Hadi juga diajak Jokowi masuk Istana sebagai Sekretaris Militer (Sesmil) Presiden pada 2015 membuatnya menjadi bintang dua atau marsekal muda (marsda). Ia naik dua kali promosi hingga menjadi KSAU pada 18 Januari 2017 selanjutnya Panglima TNI pada 8 Desember 2017 menggantikan Jenderal TNI Gatot Nurmantyo.
Kedekatan itu menjadi bagian tak terpisahkan dari penilaian Jokowi untuk mempercayakan posisi tertinggi baik di Polri atau pun TNI. Tentu ini sah-sah saja, karena presiden memiliki kewenangan untuk itu.
Memang kemudian ada yang menariknya dalam ranah politik. Khusus Listyo bahkan ditarik dalam urusan mayoritas dan minoritas. Penunjukan Listyo menunjukkan Jokowi tidak gamang dengan tekanan. Apalagi yang menyebutkan bahwa Polri tengah berjarak dengan umat mayoritas.

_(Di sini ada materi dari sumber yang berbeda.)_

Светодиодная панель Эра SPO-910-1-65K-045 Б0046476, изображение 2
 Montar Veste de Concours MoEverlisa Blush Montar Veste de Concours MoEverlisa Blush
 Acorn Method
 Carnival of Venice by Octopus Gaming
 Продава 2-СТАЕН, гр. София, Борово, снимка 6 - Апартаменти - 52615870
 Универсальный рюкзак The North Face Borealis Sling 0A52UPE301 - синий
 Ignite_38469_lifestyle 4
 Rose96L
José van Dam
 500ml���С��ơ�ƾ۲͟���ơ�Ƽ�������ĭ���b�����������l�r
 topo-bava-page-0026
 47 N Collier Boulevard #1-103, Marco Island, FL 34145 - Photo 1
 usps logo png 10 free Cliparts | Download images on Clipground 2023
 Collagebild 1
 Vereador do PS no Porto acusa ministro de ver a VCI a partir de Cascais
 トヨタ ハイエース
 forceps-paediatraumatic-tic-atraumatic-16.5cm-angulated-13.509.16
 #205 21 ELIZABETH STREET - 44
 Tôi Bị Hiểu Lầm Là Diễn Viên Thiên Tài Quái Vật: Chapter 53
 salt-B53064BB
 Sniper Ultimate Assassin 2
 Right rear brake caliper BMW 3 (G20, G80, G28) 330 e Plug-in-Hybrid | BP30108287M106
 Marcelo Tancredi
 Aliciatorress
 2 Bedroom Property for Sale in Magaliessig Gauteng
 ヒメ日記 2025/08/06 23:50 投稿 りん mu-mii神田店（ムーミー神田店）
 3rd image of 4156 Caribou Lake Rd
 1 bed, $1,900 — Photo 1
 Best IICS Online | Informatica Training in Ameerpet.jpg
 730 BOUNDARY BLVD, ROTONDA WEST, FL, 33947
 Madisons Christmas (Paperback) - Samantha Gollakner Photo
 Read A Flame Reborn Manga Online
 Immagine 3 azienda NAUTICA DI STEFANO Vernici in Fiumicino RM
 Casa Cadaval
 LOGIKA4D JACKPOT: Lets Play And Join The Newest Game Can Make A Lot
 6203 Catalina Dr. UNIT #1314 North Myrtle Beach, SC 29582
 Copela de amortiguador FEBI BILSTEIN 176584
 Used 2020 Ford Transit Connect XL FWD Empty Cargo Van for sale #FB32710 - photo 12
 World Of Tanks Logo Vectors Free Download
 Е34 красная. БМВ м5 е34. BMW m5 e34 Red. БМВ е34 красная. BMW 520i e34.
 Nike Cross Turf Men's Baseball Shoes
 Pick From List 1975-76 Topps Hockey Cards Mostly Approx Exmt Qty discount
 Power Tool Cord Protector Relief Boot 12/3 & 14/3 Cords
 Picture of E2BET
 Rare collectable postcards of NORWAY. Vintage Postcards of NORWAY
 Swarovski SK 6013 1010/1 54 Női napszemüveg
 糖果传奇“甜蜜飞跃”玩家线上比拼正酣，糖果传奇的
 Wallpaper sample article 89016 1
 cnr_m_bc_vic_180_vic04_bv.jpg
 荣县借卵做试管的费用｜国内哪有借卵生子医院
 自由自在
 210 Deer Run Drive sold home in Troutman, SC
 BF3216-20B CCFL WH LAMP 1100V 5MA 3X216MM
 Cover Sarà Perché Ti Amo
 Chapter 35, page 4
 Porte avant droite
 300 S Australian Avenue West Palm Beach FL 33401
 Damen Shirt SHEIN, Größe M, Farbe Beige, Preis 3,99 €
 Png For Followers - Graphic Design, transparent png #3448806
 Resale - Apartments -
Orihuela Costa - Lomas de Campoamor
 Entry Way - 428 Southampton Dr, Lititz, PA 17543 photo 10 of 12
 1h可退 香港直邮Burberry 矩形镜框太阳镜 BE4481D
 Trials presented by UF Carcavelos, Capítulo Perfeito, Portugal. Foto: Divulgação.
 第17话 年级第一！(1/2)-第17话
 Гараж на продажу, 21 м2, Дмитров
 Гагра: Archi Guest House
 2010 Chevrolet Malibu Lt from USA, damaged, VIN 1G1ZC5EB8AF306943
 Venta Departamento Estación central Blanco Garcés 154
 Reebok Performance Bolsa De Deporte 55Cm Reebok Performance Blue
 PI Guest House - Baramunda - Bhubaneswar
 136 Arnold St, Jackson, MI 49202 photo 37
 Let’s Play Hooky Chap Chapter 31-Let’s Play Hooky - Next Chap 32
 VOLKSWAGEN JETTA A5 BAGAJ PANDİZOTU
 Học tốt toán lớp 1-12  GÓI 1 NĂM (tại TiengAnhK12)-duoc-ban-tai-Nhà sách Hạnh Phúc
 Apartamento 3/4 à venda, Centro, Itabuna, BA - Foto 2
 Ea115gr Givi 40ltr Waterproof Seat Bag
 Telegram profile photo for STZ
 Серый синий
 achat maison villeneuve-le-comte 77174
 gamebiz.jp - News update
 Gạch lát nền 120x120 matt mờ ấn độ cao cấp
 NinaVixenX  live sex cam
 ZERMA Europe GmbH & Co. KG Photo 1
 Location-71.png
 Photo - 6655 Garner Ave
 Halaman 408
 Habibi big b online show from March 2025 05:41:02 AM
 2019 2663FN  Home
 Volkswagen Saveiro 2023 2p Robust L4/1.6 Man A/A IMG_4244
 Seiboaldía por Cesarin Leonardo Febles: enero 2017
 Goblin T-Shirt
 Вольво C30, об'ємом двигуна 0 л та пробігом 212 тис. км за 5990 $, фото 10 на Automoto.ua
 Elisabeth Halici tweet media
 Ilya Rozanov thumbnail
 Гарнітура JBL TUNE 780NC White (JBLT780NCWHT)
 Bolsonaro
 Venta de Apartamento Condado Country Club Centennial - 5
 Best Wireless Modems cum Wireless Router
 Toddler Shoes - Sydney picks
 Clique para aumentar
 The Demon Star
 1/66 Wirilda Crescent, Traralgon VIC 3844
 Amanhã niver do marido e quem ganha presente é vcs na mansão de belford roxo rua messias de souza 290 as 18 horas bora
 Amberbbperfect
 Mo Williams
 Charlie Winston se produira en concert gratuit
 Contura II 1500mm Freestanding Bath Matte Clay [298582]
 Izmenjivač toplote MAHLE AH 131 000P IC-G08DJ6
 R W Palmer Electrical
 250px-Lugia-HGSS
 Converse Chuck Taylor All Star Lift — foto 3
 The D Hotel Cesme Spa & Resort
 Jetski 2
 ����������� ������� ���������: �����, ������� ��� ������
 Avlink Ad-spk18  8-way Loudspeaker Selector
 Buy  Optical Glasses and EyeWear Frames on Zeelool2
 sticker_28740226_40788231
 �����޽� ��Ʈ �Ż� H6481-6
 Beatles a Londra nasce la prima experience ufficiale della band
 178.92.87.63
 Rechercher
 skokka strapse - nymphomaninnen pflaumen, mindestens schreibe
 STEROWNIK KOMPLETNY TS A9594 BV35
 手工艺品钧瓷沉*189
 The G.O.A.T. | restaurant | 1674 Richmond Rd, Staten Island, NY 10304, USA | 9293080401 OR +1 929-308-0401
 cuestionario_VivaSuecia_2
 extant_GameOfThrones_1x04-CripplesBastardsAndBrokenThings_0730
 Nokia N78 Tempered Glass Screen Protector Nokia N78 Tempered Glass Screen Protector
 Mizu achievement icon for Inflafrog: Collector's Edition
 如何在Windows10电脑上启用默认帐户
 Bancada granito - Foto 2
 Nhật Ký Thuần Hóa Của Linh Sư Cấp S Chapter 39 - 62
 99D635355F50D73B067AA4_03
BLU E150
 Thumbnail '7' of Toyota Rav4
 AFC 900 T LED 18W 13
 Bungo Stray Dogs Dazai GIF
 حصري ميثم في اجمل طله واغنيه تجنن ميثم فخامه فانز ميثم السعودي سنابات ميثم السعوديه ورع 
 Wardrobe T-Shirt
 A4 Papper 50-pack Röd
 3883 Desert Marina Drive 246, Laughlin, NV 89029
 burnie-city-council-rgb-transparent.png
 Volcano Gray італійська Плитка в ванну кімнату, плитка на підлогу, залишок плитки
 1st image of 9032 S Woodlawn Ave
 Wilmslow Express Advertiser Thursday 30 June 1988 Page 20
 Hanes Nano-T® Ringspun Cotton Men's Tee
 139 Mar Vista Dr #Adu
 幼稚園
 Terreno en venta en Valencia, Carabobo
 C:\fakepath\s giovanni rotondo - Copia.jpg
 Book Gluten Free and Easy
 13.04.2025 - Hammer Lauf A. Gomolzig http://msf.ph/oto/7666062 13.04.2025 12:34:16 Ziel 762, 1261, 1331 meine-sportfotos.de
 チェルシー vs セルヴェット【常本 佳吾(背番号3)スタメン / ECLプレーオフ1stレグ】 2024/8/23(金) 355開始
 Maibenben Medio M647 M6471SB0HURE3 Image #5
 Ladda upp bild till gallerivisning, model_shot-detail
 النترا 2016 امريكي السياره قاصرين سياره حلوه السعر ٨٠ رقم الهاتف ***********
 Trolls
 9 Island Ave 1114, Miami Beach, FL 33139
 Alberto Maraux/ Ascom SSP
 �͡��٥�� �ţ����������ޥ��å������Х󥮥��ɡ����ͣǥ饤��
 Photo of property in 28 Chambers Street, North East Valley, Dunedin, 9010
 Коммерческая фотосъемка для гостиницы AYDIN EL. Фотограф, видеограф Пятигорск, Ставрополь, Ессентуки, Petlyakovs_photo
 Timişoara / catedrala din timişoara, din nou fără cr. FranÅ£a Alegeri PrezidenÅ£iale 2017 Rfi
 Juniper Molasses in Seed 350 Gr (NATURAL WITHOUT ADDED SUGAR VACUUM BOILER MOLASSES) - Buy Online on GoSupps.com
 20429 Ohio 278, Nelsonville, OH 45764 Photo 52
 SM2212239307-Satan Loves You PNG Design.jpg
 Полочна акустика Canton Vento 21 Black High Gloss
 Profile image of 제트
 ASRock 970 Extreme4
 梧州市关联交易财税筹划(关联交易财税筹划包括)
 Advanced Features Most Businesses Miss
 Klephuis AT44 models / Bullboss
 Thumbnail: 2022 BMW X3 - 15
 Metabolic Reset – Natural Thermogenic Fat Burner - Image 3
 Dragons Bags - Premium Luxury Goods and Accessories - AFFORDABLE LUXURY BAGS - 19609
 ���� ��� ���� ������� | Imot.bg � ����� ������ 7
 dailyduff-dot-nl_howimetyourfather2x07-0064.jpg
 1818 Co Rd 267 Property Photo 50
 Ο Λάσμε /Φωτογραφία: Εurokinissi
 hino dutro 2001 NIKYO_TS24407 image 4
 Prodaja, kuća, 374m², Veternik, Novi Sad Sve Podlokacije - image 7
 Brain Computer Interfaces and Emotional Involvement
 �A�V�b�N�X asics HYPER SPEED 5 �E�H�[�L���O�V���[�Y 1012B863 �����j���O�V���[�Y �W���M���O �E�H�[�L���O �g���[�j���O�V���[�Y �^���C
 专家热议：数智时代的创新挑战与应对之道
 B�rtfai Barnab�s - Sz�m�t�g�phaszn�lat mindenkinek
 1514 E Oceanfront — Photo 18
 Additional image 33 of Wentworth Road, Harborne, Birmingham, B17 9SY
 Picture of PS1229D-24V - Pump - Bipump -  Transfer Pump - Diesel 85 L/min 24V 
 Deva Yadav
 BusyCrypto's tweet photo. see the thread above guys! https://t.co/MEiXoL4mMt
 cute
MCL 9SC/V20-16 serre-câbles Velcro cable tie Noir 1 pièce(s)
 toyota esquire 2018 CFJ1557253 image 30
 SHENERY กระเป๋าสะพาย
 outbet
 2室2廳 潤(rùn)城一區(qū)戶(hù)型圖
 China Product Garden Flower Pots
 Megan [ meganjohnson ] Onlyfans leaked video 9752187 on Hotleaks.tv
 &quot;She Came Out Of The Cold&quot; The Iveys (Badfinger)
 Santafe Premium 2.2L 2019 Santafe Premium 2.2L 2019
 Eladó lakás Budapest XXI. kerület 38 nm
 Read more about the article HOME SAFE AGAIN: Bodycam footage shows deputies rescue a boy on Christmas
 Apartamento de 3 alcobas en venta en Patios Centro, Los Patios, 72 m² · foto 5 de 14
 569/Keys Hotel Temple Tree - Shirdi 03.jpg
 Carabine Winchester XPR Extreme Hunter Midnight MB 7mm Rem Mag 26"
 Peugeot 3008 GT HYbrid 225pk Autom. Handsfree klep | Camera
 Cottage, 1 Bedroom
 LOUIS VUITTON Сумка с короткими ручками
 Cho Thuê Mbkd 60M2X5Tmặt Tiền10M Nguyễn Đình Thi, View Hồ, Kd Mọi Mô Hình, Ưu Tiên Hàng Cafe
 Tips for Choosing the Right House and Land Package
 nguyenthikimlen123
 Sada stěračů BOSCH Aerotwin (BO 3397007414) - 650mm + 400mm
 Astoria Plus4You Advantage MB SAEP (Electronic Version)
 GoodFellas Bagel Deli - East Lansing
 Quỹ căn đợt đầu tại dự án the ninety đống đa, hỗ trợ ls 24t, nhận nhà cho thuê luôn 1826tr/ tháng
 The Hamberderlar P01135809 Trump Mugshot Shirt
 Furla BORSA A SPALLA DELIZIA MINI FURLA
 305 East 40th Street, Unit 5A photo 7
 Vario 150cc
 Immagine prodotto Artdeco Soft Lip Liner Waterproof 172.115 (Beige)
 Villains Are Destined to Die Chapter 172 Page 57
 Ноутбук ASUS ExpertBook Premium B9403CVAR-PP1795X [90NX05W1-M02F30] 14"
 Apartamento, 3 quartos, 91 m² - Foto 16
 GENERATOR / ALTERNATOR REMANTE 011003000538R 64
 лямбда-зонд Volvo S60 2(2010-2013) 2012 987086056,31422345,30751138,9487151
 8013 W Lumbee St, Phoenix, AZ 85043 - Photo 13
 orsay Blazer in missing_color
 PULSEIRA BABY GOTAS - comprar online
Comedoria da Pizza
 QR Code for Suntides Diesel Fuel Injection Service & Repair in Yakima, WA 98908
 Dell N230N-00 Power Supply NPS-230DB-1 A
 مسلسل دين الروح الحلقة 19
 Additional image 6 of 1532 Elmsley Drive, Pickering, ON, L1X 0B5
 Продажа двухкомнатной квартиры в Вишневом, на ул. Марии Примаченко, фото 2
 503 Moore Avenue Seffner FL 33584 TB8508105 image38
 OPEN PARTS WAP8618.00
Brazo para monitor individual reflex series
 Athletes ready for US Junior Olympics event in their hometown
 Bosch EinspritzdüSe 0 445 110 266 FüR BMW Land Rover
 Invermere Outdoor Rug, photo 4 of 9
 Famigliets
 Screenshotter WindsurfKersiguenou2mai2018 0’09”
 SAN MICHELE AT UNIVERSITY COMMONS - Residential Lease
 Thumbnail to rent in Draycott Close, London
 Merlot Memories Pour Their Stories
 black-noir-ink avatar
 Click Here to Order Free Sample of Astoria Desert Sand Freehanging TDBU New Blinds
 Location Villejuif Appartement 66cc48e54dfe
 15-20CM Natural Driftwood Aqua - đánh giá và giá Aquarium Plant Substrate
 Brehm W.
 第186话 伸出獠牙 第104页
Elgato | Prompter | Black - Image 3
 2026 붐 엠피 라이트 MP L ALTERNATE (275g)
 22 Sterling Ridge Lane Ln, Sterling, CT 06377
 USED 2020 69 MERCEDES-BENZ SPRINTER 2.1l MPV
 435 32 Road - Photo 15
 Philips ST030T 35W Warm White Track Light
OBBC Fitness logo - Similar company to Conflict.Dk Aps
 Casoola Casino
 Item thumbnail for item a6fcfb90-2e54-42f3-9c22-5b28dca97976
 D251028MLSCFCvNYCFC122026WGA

Justru di tengah kondisi yang begitu masalah, Presiden membutuhkan orang yang bisa dipercaya. Loyalitas dan kedekatan itu menjadi salah satu penjamin Jokowi bahwa kepolisian masih di bawah kontrolnya.
Inilah keuntungan baik Hadi atau pun Listyo mengenal Jokowi lebih dulu dari sejawatnya. Pertemuan itu tentu bukan kehendak mereka. Alam alias takdir yang mempertemukan mereka. Namun, tidak berarti keduanya tanpa kemampuan. Prestasi dalam karir dan ditambah faktor kedekatan mengantarkan menuju puncak jabatan. Selamat.